Par comparaison, la 2 CV R-Fit est une bombe avec ses 85 km/h propulsés par un moteur de 15 kW (20 ch), avec une autonomie de 100 km. D’autant que les routes escarpées des calanques et les rares petites rues autorisées aux voitures du cœur de Cassis sont limitées à 30 km/h ou 50 km/h. L’iconique levier de vitesse à boule reste présent, à ceci près qu’il ne sert pas à grand chose. « On se met en troisième et on peut passer partout », insiste Julien Vagner. En effet, la transmission d’origine a été volontairement conservée pour rester dans l’esprit « deudeuche », ce qui n’empêche pas la 2 CV électrique de grimper les côtes avec plus d’aisance que ses aïeules thermiques et de « gîter » toujours autant dans les virages. « On pourrait faire plus rapide, avec une autonomie plus importante, mais ce serait beaucoup plus cher », dit-il. Difficilement envisageable. Même avec l’aide de l’Etat (de 5 000 euros à 9 000 euros), le kit R-Fit (pack batterie lithium-fer-phosphate, moteur électrique) est facturé 14 000 euros, main-d’œuvre incluse. Compter 23 000 euros pour une 2 CV entièrement restaurée et 24 000 euros pour une Eden neuve. De quoi hésiter.
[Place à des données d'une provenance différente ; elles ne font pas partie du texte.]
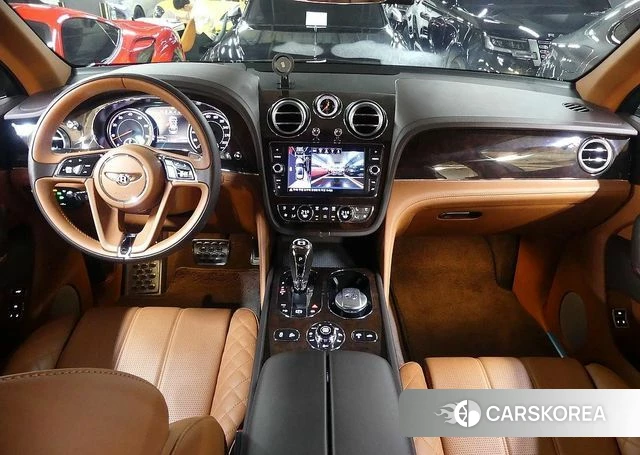 Bentley Bentayga 2018 Коричневый из Кореи, фото 2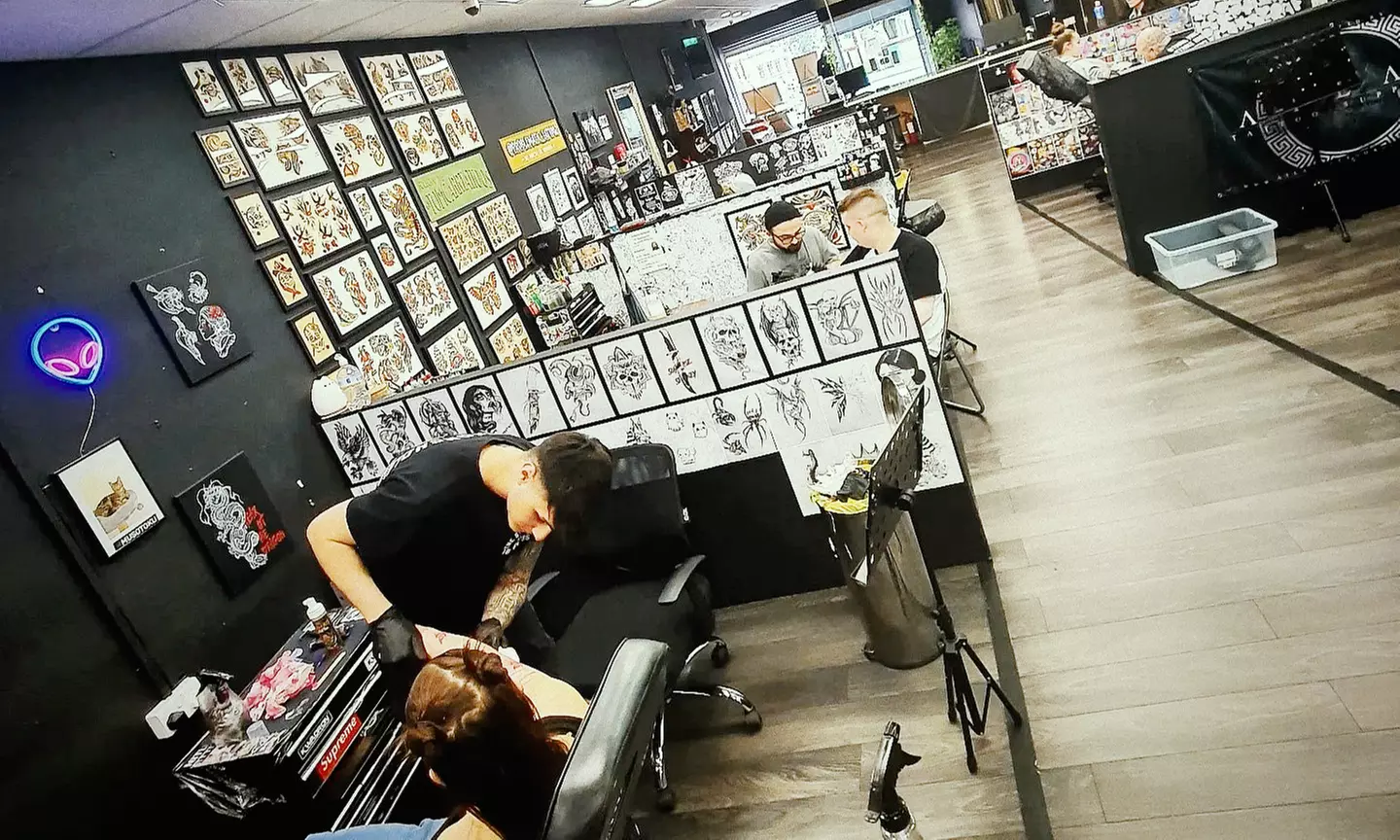 Tattoo Removal on Extra-Small, Small, Medium, or Large Area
« L’électrique, c’est schizophrène ! », s’exclame Julien Vagner. « C’est vrai, poursuit-il. Si toutes les voitures passaient à l’électrique, on ne pourrait pas fournir l’électricité nécessaire. » Affirmation inexacte. Selon le rapport du 15 mai 2019 de RTE, le gestionnaire du réseau de transport d’électricité, le système électrique français pourrait tout à fait répondre aux besoins. En revanche, RTE et Julien Vagner se retrouvent sur le long terme pour tabler sur l’hydrogène, solution technique d’ailleurs prévue dans le cadre de la récente homologation du rétrofit.
« Si la France décroche la timbale de l’hydrogène, s’enthousiasme à son tour Arnaud Pigounides, fondateur de Retrofuture Electric Vehicles et président de l’AIRe, cela veut dire des piles à combustible moins chères, un système de batteries plus petites et un réservoir à hydrogène que l’on pourra recharger tous les 500 km comme si on faisait un plein de carburant. » Dans ce cas, n’est-il pas paradoxal de s’investir autant dans le rétrofit ? « L’électrique est une très bonne transition, on en a pour vingt ans ! », assure Julien Vagner.